Pity The Billionaire: The Hard Times Swindle and the Unlikely Comeback of the Right is not a large book, nor is it a hard read. It is a concisely detailed look at the events and processes by which the American economy was toppled from within, despite the legal system intended to defend it from predation. There is so much detail that I was reminded every few pages about the anger and frustrated helplessness I feel each time these predatory bunco artists take it upon themselves to assault the economic security of the middle class, and then brazenly blame us for allowing them to do so with impunity. I would have to put the book down each time I felt the rage building, which caused me to take far more time to finish reading the book than a review should normally take.
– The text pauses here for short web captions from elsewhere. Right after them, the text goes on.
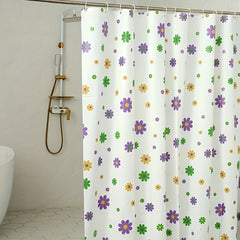 Purple Flower Shower Curtain PEVA Fabric Colorful Wildflower Shower Curtains
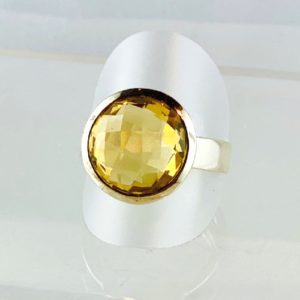 Edelsteinring Citrin Ring, Schachbrettmuster Schliff, Silber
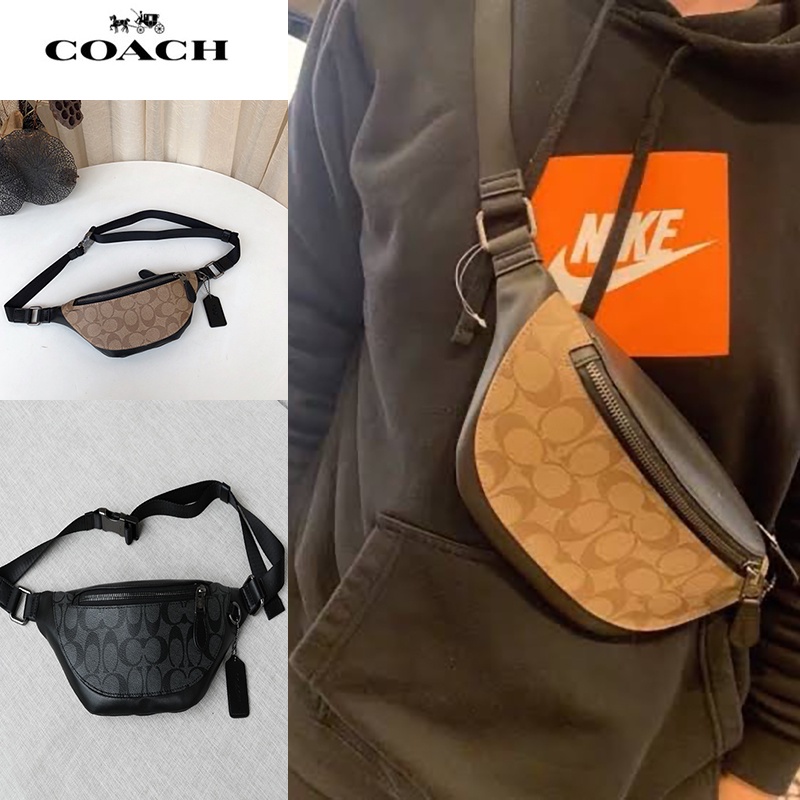 Aslibaru coach 4590 Tas PriaTas Pinggang、mini tas pinggang pria kulit、tas selempang cowok tas pundak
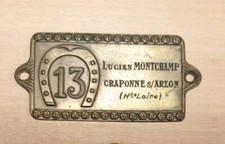 OLD METAL PLATE REPOUSSEE LUCKY CHARM NAME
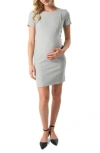 Marion Women's Short Sleeve Maternity & Nursing Knee Length Dress In Italian Stretch Suiting Fabric In Light Grey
For this I apologize to Henry Holt & Co.
The fact that Pity The Billionaire evokes these strong feelings in me must be seen as a measure of the voluminous study that Thomas Frank put into this effort. Well-researched, amply footnoted, and provided with a plethora of supporting links, the book is a must-read for the historians who will one day attempt to explain just what happened to the United States during the Great Recession. Step by painful step, Frank recounts the process by which the economy was subverted for private gain as the defense stood by watching.
Frank also covers the rise of the Tea Party, the masterful manipulation of the common folk, directed by the "conservative" media to rise up angry and take action to prevent governmental relief against the very predations the Tea Party railed against in their rallies. This was accomplished in part by the co-option of the tactics of Saul Alinsky, which had proven very successful during the 1960s political movement to mobilize large numbers of people in opposition to the Vietnam War and racial bigotry. These successful tactics remain viable. We currently see Newt Gingrich using Alinsky against his liberal self as Newt campaigns for the primary votes of Florida, a pertinent example of the assertion Frank makes about the misuse of populism being levied against an aroused populace. Liberal strategies are thus being used by the "conservatives" to ensure against the rise of a new liberal opposition to the greedy corporatism which has brought the national economy to the edge of collapse.